Non esporci … Amen

Ecco gli ultimi due video sul Padre Nostro con relativo testo…

E non ci esporre alla tentazione, ma liberaci dal maligno

La traduzione di questa frase è oggetto di dibattito fra gli specialisti, ma anche fra i credenti che sono hanno imparato in un certo modo, ma vogliono sapere effettivamente il significato di ciò che pregano.

La traduzione che seguo è quella della versione detta Nuova Riveduta.  Varie sono le traduzioni e i significati che si possono dare alla prima parte: “non ci esporre alla tentazione” o “non ci indurre alla tentazione” o anche “dacci la forza di resistere alla tentazione” oppure come ultimamente è stato proposto “non ci abbandonare alla tentazione”.

Ora il significato del termine greco permette sia esporre sia indurre, con una preferenza statistica per l’indurre. Ma nella lettera di Giacomo è scritto:

Nessuno, quand’è tentato, dica: «Sono tentato da Dio»; perché Dio non può essere tentato dal male, ed egli stesso non tenta nessuno; invece ognuno è tentato dalla propria concupiscenza che lo attrae e lo seduce.

Giacomo 1:13-14

Essendo possibile entrambe le versioni da un punto di vista grammaticale sembra allora che la traduzione preferibile, sia per un motivo teologico il: “non ci esporre alla tentazione o non ci abbandonare”. Infatti, pur essendo i testi biblici di autori differenti e scritti in situazioni e culture diverse, avendo la chiesa riconosciuto la loro ispirazione divina, noi confidiamo in un accordo dei vari testi nel loro messaggio teologico.

Ecco dunque che Giacomo ci permette di comprendere che la preghiera è un preservarci dalla tentazione che nasce da noi stessi, dal nostro far parte della società umana, con tutti i suoi compromessi e occasioni di ingiustizia, o più basilarmente dal nostro egoismo.
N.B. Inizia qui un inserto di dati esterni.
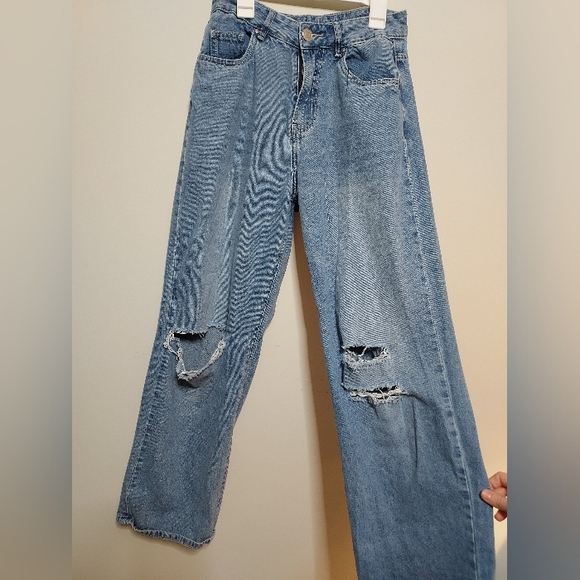 REFUGE Denim Ultra High Rise Wide Leg - Picture 4 of 7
In effetti, noi siamo armati di buone intenzioni, preghiamo di voler santificare il nome del Signore, ma ci ritroviamo spesso ad essere incerti, deboli, opportunisti e via dicendo.
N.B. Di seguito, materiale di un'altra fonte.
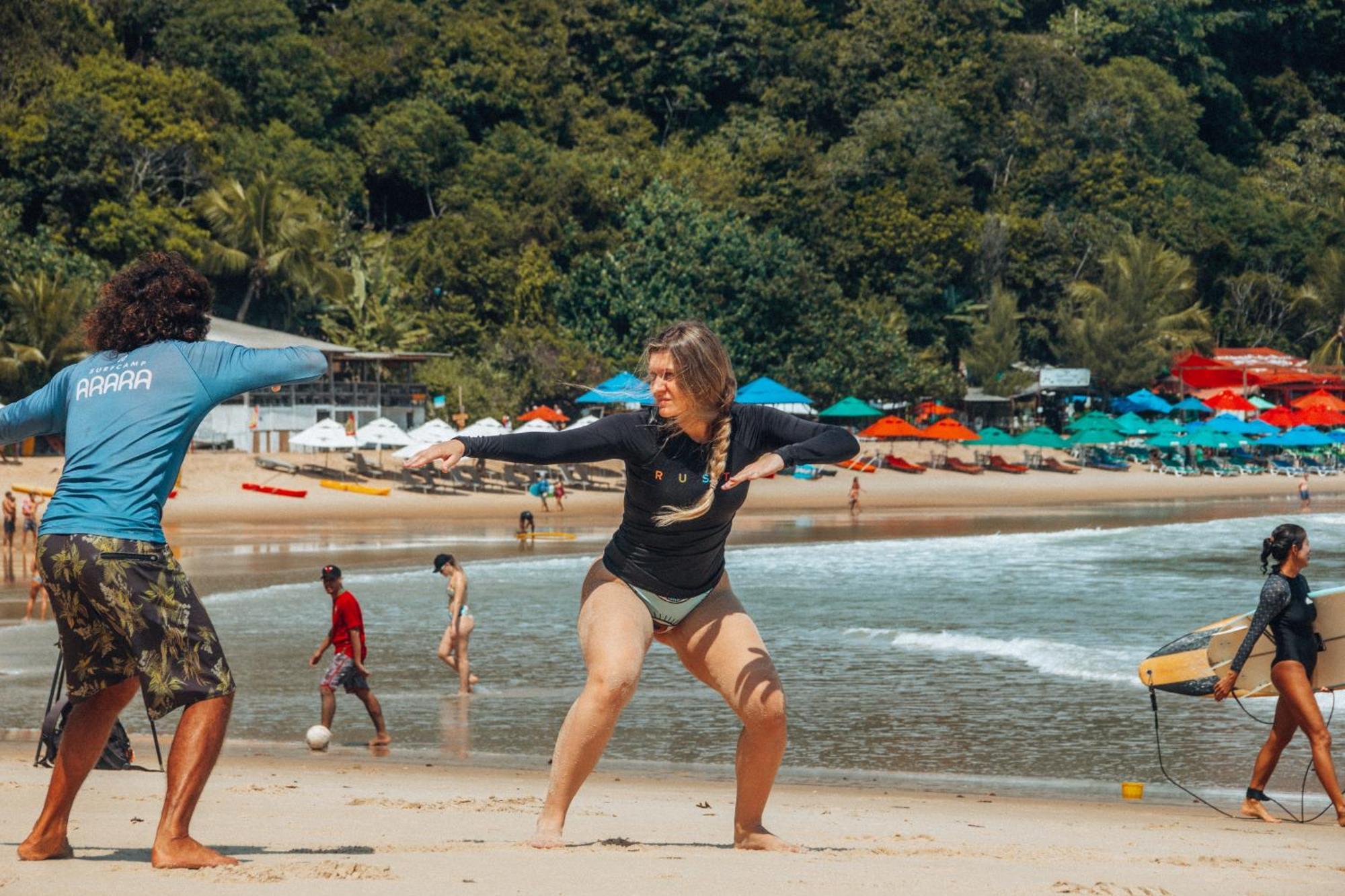 Surfcamp Arara Hostel Praia de Pipa Luaran gambar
Ancora una volta, non è che noi siamo così bravi da meritarci il plauso e la grazia del Signore, ma dobbiamo pregarlo per sostenerci e guidarci nelle vie del bene.

Anche la seconda parte della frase è tradotta in maniere differenti: maligno o male, nella traduzione ecumenica del 1999 addirittura con la “M” maiuscola.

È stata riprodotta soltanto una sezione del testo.